Heidi Langenfeld works in the Pioneer Room at City Hall. She recently researched the timeline of African Americans in Hastings from 1857, when Hastings became an incorporated city, to 1954.
"I feel like history is there for us to learn from it and to build on and to not be castigating guilt or to be pointing at ourselves ... but try to look at it from the perspective of learning from our past," Langenfeld said.
One significant trend that Langenfeld found in her research was the steady growth in the population of blacks in the community during the late 1800s, and then a slow decline of the black population in the 1900s. In the Jan. 22, 1954 issue of the Hastings Gazette, it was reported that the last known black citizen in Hastings died.
One of the main things that Langenfeld thought drove away the black population was the ridicule that they received in newspaper articles and actions. In 1865, a bill that proposed an amendment to strike the word "white" from the suffrage provision was passed. However, the amendment was twice voted down in 1865 and 1867.

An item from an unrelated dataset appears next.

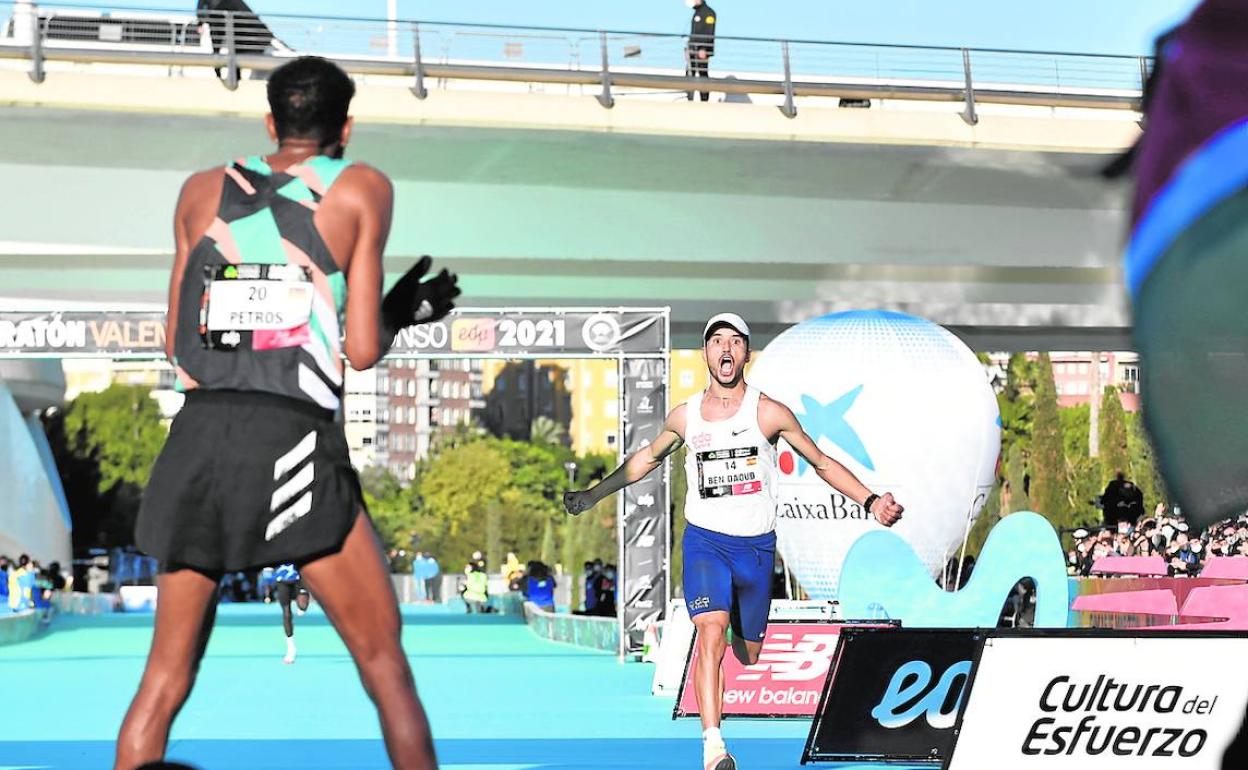 Ben Daoud, dos segundos antes de cruzar la línea de meta del Maratón de Valencia.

One example of an unwelcome feeling toward African Americans in Hastings comes from 1907. A fire was reported at the African Methodist Church and the fire department had to put it out. An investigation resulted in finding indications of kerosene poured over the floor, pews and elsewhere, implying that it was not an accident.
Although there was ridicule, there were also African Americans in the city who made a big impact. One major example is James Curry. All the newspapers had long articles about his life and death in 1933. Curry had worked as a janitor at the Hastings public school for 15 years. The church was packed at his funeral and the downtown businesses were also closed. In a tribute written in the St. Paul Dispatch, Larry Ho wrote about how Curry sang his gallant way through life. Ho wrote of a story he remembered when Curry sang a song at the Hastings opera house at a church benefit. In the middle of his song, the lights went out and Curry laughed and called out, "cheer up folks, we are all the same color now."
More recently, Hastings has seen a rise in the number of African Americans in the city. According to the United States Census Bureau American FactFinder, the population of African Americans in Hastings has steadily increased in the last several years. In 2009 there was an estimated 57 African Americans in the city and in 2015 that number rose to an estimated 346 citizens.
Langenfeld said that it is her hope that society has grown enough through the years that the community would now be a better welcoming place for people who are from different backgrounds, religion and race.